Ma ecco, nel dettaglio, i punti qualificanti del provvedimento approvato dalla Camera dei Deputati:

  • è introdotto un nuovo sistema di reclutamento dei professori universitari, che mira a garantire la qualità della docenza a livello nazionale, nel rispetto dell’autonomia degli atenei. In luogo degli attuali concorsi banditi dalle università, che hanno dato luogo a eccessivo localismo, insufficiente selettività e, talora, dubbi di trasparenza, viene introdotta una idoneità nazionale quale presupposto per la successiva chiamata da parte delle università, sulla base di trasparenti procedure di valutazione comparativa;
  • è introdotta la nuova figura di ricercatore a tempo determinato, essenzialmente dedicata all’attività di ricerca, che consentirà un massiccio ingresso di giovani nel sistema universitario, assicurando la necessaria formazione di professionalità elevate, sia per l’accesso alla docenza universitaria, sia per le esigenze del sistema produttivo, degli enti di ricerca, e più in generale del Paese;
  • coniugando equità e merito, è data soluzione concreta all’annoso problema dei ricercatori universitari, che da molto tempo lavorano nell’università e non hanno ad oggi avuto adeguate opportunità per l’accesso alla docenza.
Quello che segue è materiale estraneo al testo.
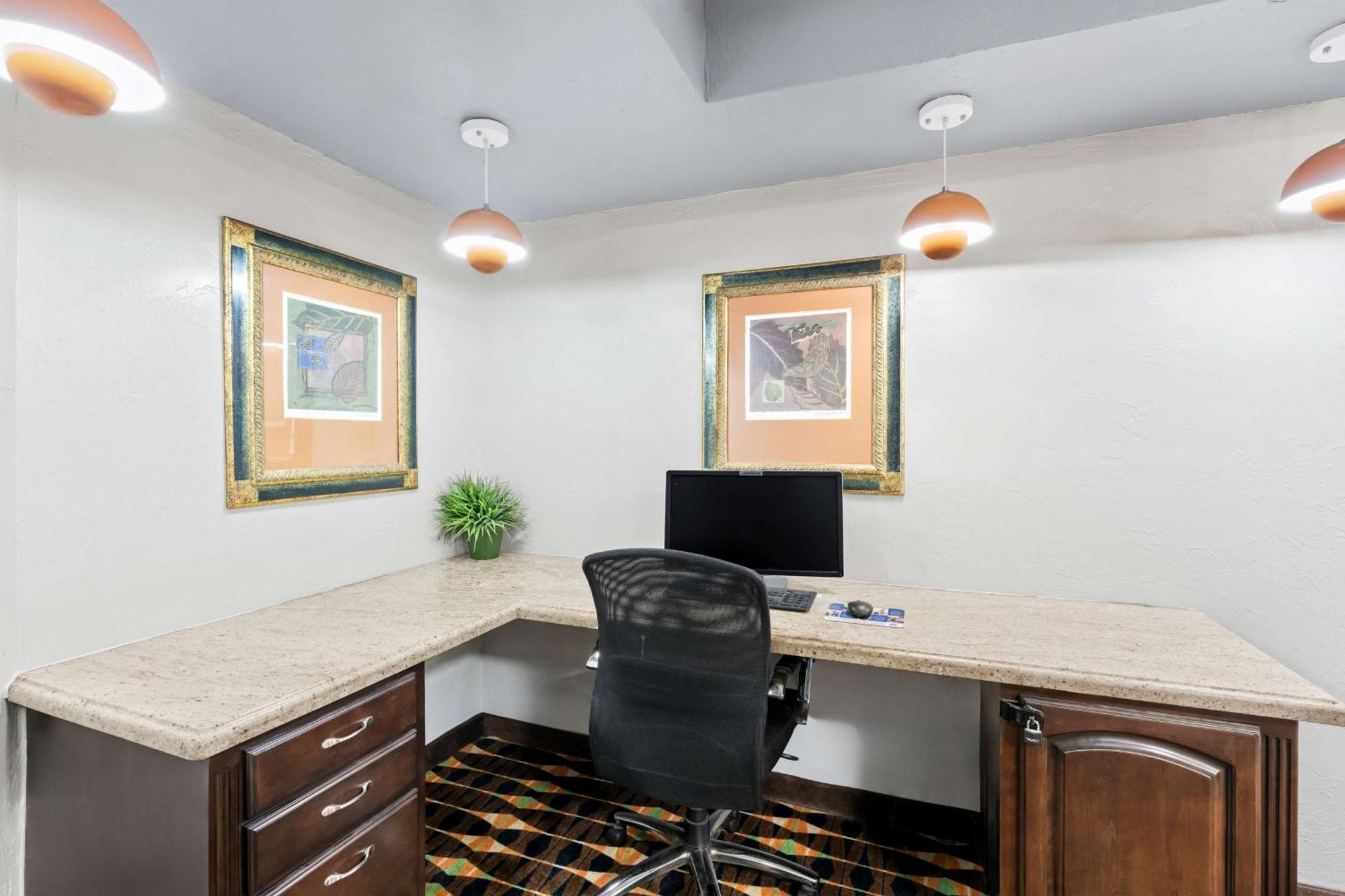 Surestay Plus Hotel By Best Western Lubbock Medical Center Zewnętrze zdjęcie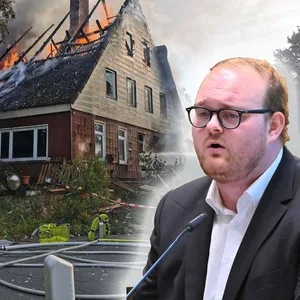 Bildmontage: FDP-Politiker Carl Cevin-Key Coste (FDP) vor seinem Elternhaus, aus dem Flammen schlagen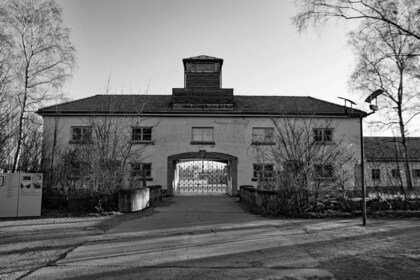 Visita pública al monumento a Dachau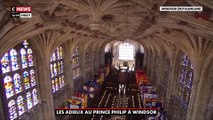 Funérailles du Prince Philip : Regardez ce moment très impressionnant où le cercueil du prince Philip entre dans la chapelle Saint-George du palais de Windsor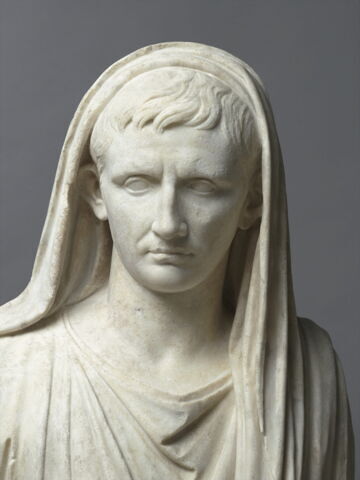 statue
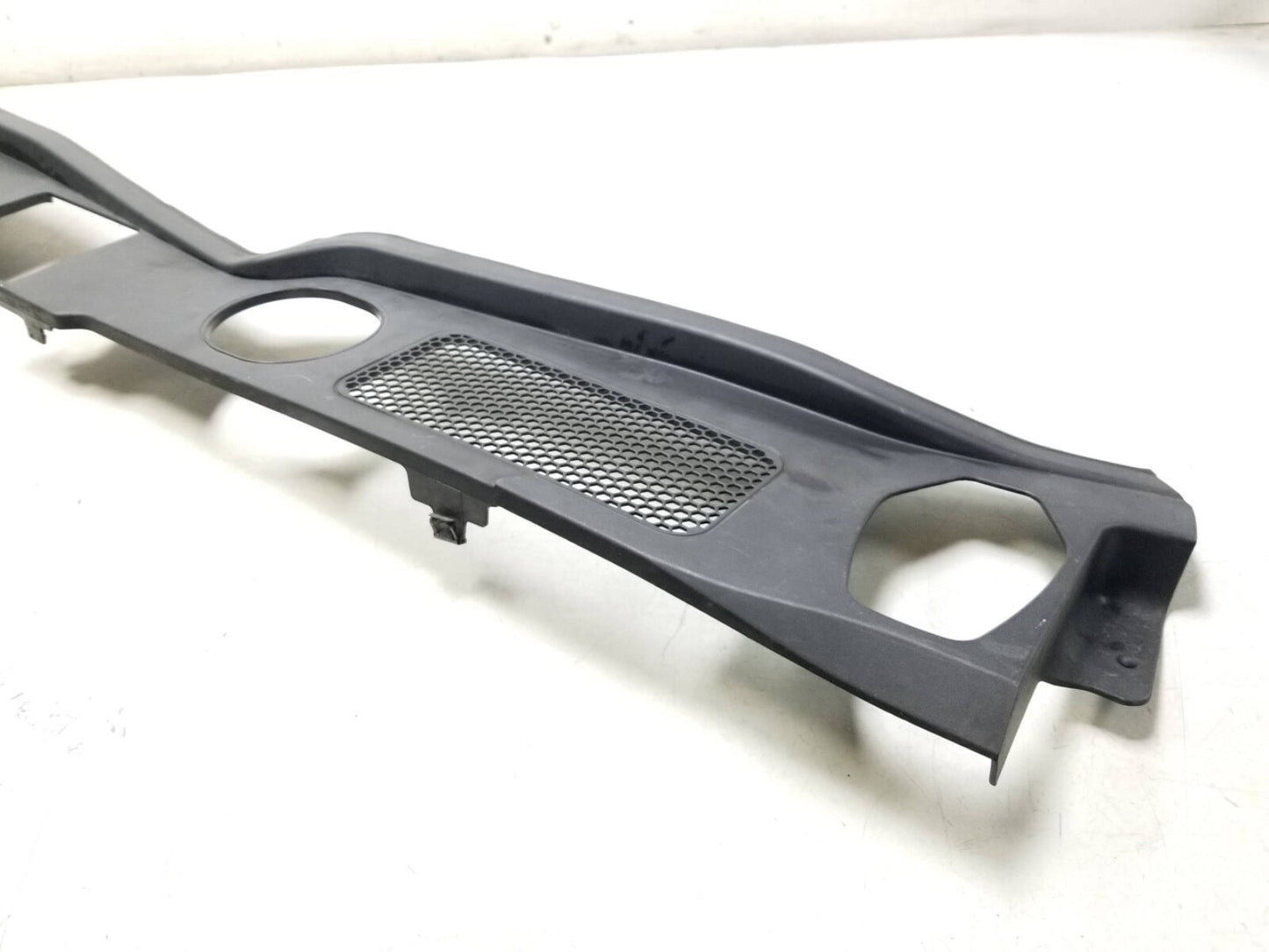 2009 - 2017 Audi Q5 Cowl Vent Panel Windshield Window Front OEM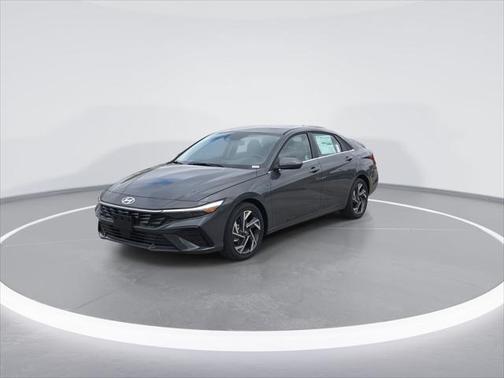 2025 Hyundai ELANTRA SEL
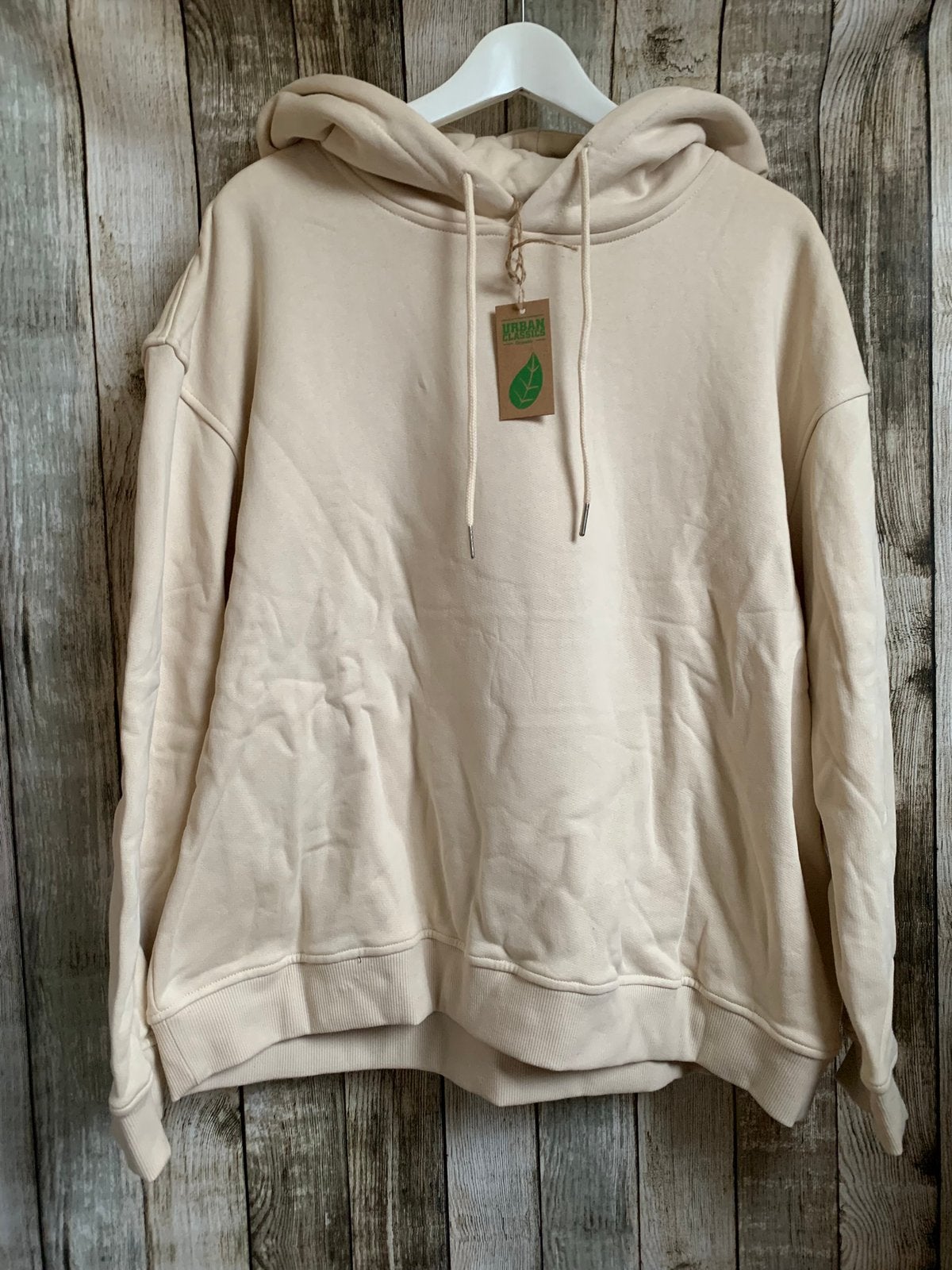 Urban Classics nieuwe beige hoodie (Maat 4XL valt kleiner)., Kleding | Dames, Grote Maten, Verzenden, Trui of Vest, Nieuw, Urban Classics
A favore di queste figure sono previste riserve e maggiorazioni nell’ambito dei giudizi di idoneità a professore associato, che in pochi anni consentiranno il passaggio di tutti gli attuali ricercatori nella fascia degli associati, una volta superato il giudizio rigoroso e selettivo di idoneità nazionale;
  • a tutti coloro che svolgono incarichi di insegnamento è attribuito il titolo di professore aggregato, quale riconoscimento dell’importante compito svolto;
  • è introdotta in via legislativa la possibilità di chiamata diretta, sui posti di professore ordinario e associato, di studiosi stranieri o italiani impegnati all’estero che abbiano conseguito all’estero una idoneità accademica di pari livello, così da favorire il "rientro dei cervelli";
  • sarà possibile attivare posti di professore straordinario di durata temporanea, sulla base di convenzioni con imprese o enti esterni, a totale carico dei medesimi;
  • sono previste convenzioni di ricerca con imprese o enti esterni, che potranno prevedere compensi aggiuntivi a favore dei professori che vi partecipano;
  • il trattamento economico dei professori universitari, che rimane articolato secondo il regime prescelto, a tempo pieno ovvero a tempo definito, è correlato all’espletamento delle attività scientifiche e all’impegno per le altre attività, fissato per il tempo pieno in non meno di 350 ore annue di didattica, di cui 120 di didattica frontale, e per il rapporto a tempo definito in non meno di 250 ore annue di didattica, di cui 80 di didattica frontale. Ai professori a tempo pieno è attribuita un’eventuale retribuzione aggiuntiva nei limiti delle disponibilità di bilancio, in relazione a ulteriori impegni nelle attività di ricerca, didattica e gestionale e ai risultati conseguiti.
  • i concorsi per la copertura dei posti di ricercatore universitario a tempo indeterminato potranno essere banditi fino al 30 settembre 2013, con una priorità per gli attuali contrattisti e assegnisti, per i dottori di ricerca e per i borsisti post-doc.